In summary, despite the large number of reports in the literature, at present there are few validated biomarkers that have been clearly shown to substantially increase prediction of DKD-related phenotypes beyond known predictors. Few studies have attempted to estimate the marginal improvement in prediction beyond historical eGFR readings that can be expressed as the within-person slope or weighted average past eGFR, as we did in the SUMMIT study [25]. This is an important omission given the increasing availability of electronic healthcare records and potential for applying algorithms to such longitudinal clinical data more easily than measuring biomarkers. Even where some consistency in findings is observed, the extent of publication bias is unknown. Most importantly, biomarkers other than ACR and eGFR are not being routinely used to risk stratify individuals into trials or in clinical practice, despite considerable research investment into DKD biomarkers in recent years.

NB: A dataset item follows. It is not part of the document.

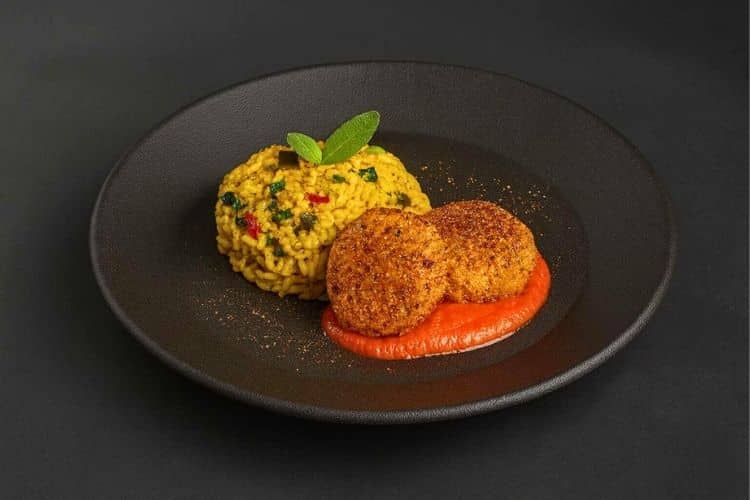 Quinoa Bratling mit Gemüsereis als veganes Gericht für Lunch und Catering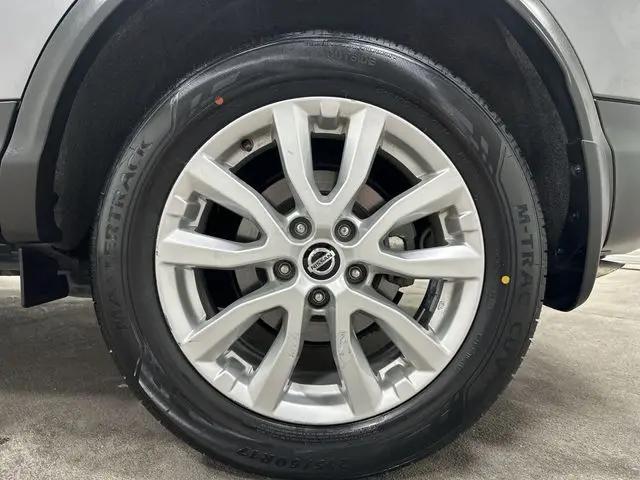 2020 Nissan Rogue Sport SV FWD Xtronic CVT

Large discovery panels have the potential to yield novel biomarkers, but progress has been hampered by small sample sizes, inadequate data analysis approaches (including failure to test the marginal increase beyond established risk factors) and lack of samples for replication. Futhermore, discovery approaches that yield panels of biomarkers measured on different platforms do not lend themselves to an easily implemented single panel in the clinical setting.

If this field is to be advanced, there is a need for a concerted effort to (1) generate and share data on the correlation between existing candidate biomarkers and biomarkers generated from available discovery platforms; (2) generate replication and validation sample and data sets that allow the best panel from available data to be defined; (3) harness the predictive information that exists in clinical records in the era of electronic health record data. Future discoveries should then be evaluated for their marginal prediction on top of clinical data and validated biomarkers.